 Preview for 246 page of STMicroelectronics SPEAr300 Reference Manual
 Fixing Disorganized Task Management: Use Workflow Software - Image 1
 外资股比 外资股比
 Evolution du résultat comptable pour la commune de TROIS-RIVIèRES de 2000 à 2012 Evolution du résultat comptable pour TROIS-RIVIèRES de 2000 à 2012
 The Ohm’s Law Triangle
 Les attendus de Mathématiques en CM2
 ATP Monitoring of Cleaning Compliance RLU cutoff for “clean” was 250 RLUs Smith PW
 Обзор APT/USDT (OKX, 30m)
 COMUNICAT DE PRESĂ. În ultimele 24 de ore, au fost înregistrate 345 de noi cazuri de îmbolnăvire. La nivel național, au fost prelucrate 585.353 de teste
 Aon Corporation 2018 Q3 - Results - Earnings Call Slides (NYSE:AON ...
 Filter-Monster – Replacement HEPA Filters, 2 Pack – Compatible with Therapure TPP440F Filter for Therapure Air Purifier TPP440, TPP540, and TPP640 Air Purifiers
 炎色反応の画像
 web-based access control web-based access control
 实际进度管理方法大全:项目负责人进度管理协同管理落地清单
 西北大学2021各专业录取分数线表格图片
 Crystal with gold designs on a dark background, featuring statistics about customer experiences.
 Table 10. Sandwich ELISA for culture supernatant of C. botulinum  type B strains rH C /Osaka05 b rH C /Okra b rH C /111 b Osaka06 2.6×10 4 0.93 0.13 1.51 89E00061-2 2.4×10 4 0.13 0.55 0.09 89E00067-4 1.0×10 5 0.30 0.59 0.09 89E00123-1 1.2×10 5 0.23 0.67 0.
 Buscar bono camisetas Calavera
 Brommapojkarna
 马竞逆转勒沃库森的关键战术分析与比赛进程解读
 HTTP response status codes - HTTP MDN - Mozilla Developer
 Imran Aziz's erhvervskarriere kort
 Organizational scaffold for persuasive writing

^^^^^^^^^^^^^^^^

What is needed.
A line belongs in the answer if it contains the word "with"; copy every such line from the data above.

Written solution.
 Filter-Monster – Replacement HEPA Filters, 2 Pack – Compatible with Therapure TPP440F Filter for Therapure Air Purifier TPP440, TPP540, and TPP640 Air Purifiers
 Crystal with gold designs on a dark background, featuring statistics about customer experiences.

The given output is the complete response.